# Sums of second order and the value of mathematics

1. Mar 22, 2004

### verty

Consider this sequence:

1, 2, 3, 4, 5, ...

We can calculate the n'th term of the sequence by the function t(n) = n. We could define s(n), the sum to n terms, recursively as s(1) = 1 and s(n) = n + s(n-1). The time bound of this procedure is O(n), but it isn't efficient because we can find an O(1) formula: s(n) = n(n+1)/2

Now consider this sequence:

1, 3=(1+2), 6=(1+2+3), 10, 15, 21, ...

Here the n'th term of the sequence is given by s(n) = n(n+1)/2, the same function as above. We can define u(n), the sum to n terms of this sequence, recursively as u(1) = 1 and u(n) = u(n) + s(n-1). This procedure has a time bound of O(n).

Can we do better than this? We can use simple variations, but the time stays linear. For example, where n>2, 'u(n) = u(n-2) + 2.s(n-1) + n' could be used. This nearly doubles the speed on average, but the time taken is still proportional to n.

Is there a method to calculate this sum in time less than proportional to n? As a matter of fact, we can do it in time which is O(logn).

s(n) = n(n+1)/2.

Where n = 1: u(1) = 1
Where n is even: u(n) = 2.u(n/2) + n.s(n/2)
Where n is odd: s2(n) = 2.u((n-1)/2) + ((n+1)/2) * [s((n-1)/2) + s((n+1)/2)]

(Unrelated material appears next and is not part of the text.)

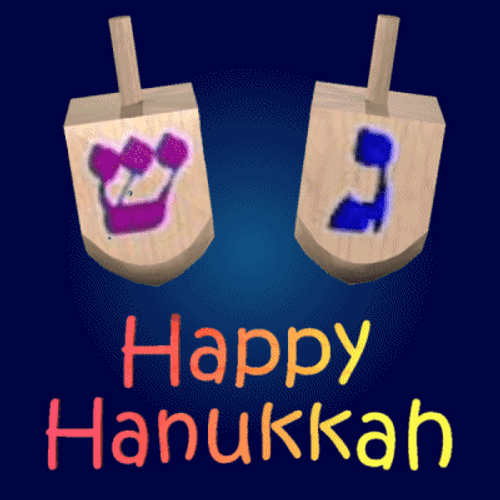 Happy Hanukkah Jewish Dreidel Spin GIF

In case you are wondering how I came up with these formulas, notice that (1) below corresponds to u(4). It can be split up into (2), which corresponds to 'u(2) + 2.s(2) + 3 + (3+4)'. In (3) you can see that '3 + (3+4)' can be split into u(2) + 2.s(2)

1: 1 + (1+2) + (1+2+3) + (1+2+3+4)

2: 1 + (1+2)
+ (1+2) + (1+2)
+ 3 + (3+4)

3: 3 + (3+4)
= 1 + (1+2)
+ 2 + (2+2)

Putting it together:

u(4) = u(2) + 2.s(2) + u(2) + 2.s(2)
= 2.u(2) + 2.(2.s(2))

This corresponds to:

u(n) = 2.u(n/2) + (n/2)(2.s(n/2))
= 2.u(n/2) + n.s(n/2)

I derived the formula for when n is odd the same way. I will now generalise this method to work for all arithmetic series:

t(n) = a+(n-1)d
s(n) = (n/2)[2a+(n-1)d]

f(n) = n(n+1)/2

where n = 1: g(n) = 1
where n is even: g(n) = 2.g(n/2) + n.f(n/2)
where n is odd: g(n) = 2.g((n-1)/2) + ((n+1)/2) * [f((n-1)/2) + f((n+1)/2)]

s2(n) = a.f(n) + d.g(n-1)

Let's call this the 'second sum'. I wonder whether it is possible to find a formula for the 2nd sum that isn't recursive. I don't think the 'second sum' as I have defined it has any application, because I can't envision any place where the second sum might be useful. Can this be applied somewhere? What about the 3rd or 4th sum?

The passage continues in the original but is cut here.